The named insured of the AIG Policy is Price Waterhouse Coopers, L.L.P. (Doc. No. 31–1.) Kenneth Johnson is an “Additional Insured.” (Doc. No. 39–3.)

Both the AIG Policy and RLI Policy are denominated “Umbrella Policies” and contain excess “other insurance” clauses. (Doc. Nos. 31–1 & 39–2.) AIG filed a Second Amended Complaint for Declaratory Relief to obtain a judgment declaring that AIG has no duty to contribute any coverage and thus no duty to reimburse RLI. (Doc. No. 21.) In its counterclaim for declaratory relief, RLI seeks a judgment declaring that the RLI and AIG policies are “mutually repugnant” and must contribute on a pro rata basis according to their respective policy limits, such that AIG must reimburse RLI in the amount of $375,000.00. (Doc. No. 25.) Alternatively, in its sur-reply RLI argues that under Florida law the mutual repugnancy rule does not apply and its policy should provide coverage only after AIG's policy limits are exhausted. (Doc. No. 56.) The “mutual repugnancy” rule is summarized as follows:

Where there is no incompatibility among other insurance provisions, they are to be enforced by their terms. Difficulties arise when two policies contain the same other insurance provision. For example, where two policies both have excess clauses, there is no direct way to determine which should be treated as excess simply by reference to the policies. In such cases, each policy provides that it does not attach until the other policy has paid its limits. If a court were to give literal effect to each of the excess clauses, each policy would be cancelled out and the final result would depend upon which policy was read first.

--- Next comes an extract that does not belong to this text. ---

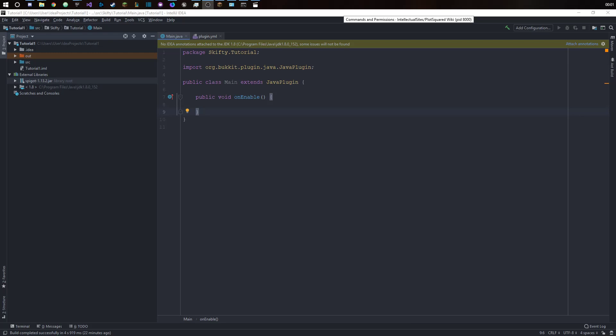Hey there and welcome to another coding tutorial. Today I want to show you how to do a simple plugin that just sends the player a message when he executes a command. It's just something very simple but you always got to start somewhere.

Courts have, therefore, developed what is known as the rule of mutual repugnancy. Under that rule, where two policies cover the same occurrence and both contain other insurance clauses, the excess insurance provisions are mutually repugnant and must be disregarded. Each insurer is then liable for a pro rata share of the settlement or judgment. Twin City Fire Ins. Co. v. Fireman's Fund Ins. Co., 386 F.Supp.2d 1272, 1278 (S.D.Fla.2005) (citations and quotations omitted). Therefore, the Court must determine whether the AIG and RLI policies are mutually repugnant, such that RLI and AIG must fund the remaining $450,000.00 on a pro rata basis, or whether either the RLI or AIG policy must be exhausted first.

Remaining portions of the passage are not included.